Other outcomes underscore the program’s reach. Through the end of 2023, the Fehribach Center has funded eight studies by professors from Ball State, Kent State, Penn State, UConn, the Milwaukee School of Engineering, George Mason, and the University of Illinois-Chicago. A special issue of the Journal of Postsecondary Education and Disability (JPED) scheduled for 2024 will focus on the Fehribach Center with findings from its research projects and examples of best practices.

The college Community of Practice initiative has been successful. Personnel in disability services and career services offices from three campuses come together annually to create enhanced career development programming for students with disabilities. Thus far, participants have included Indiana, Rose-Hulman, Evansville, Ball State, Butler, Purdue-Fort Wayne, Notre Dame, Louisville, and Ivy Tech Indianapolis.
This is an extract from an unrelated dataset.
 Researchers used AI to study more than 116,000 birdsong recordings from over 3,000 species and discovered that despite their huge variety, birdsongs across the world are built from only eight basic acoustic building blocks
Fehribach Center staff have also presented their work to six national conferences in 2023, including leading a two-part webinar series with NACE as part of its Disability Signature Series. The focus of the webinars was the consideration of disability as a component of DEI efforts.
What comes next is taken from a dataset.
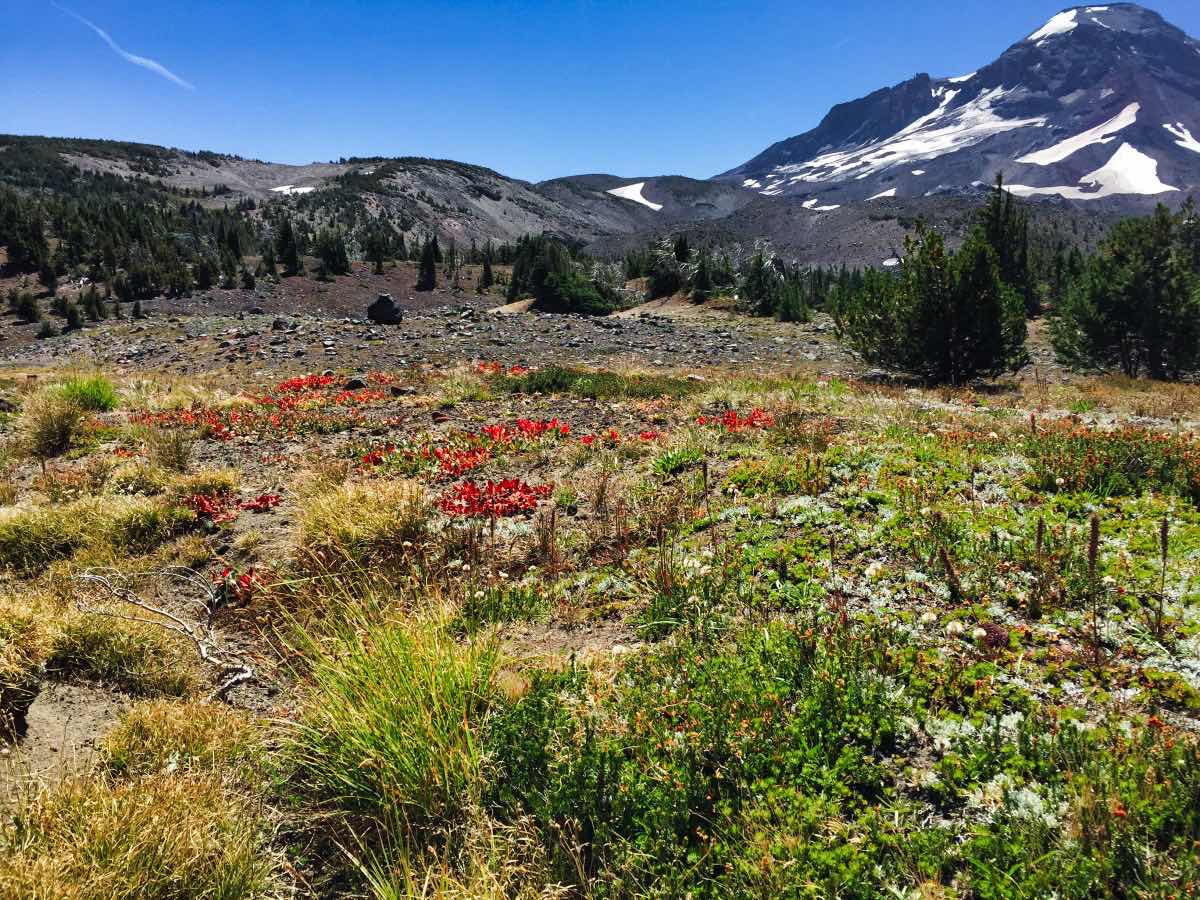 Camp Lake Hike Image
Across the past 11 years, the Fehribach Center has made tremendous progress in its founding objective of empowering Indiana college students with physical disabilities to achieve equitable employment following graduation.

“We’re always careful to explain to employers that the college students we work with have met all the same standards for admission to the university as students without physical disabilities. They take the same classes, earn the same degrees, and have the same expectations. These are amazingly talented college students who need an opportunity. We tell employers they may be missing the best person for a job if they haven’t considered the person with a physical disability. The message of the Fehribach Center has resonated and the buy-in from the corporate world has been fantastic,” Markle says.

“The Fehribach Center at Eskenazi Health is always going to be an Indianapolis-based organization, but I think this model could be easily replicated by other colleges and universities and employers. It benefits all involved, but especially our talented students with physical disabilities who gain valuable internships and work experience as they prepare to successfully enter the workforce.”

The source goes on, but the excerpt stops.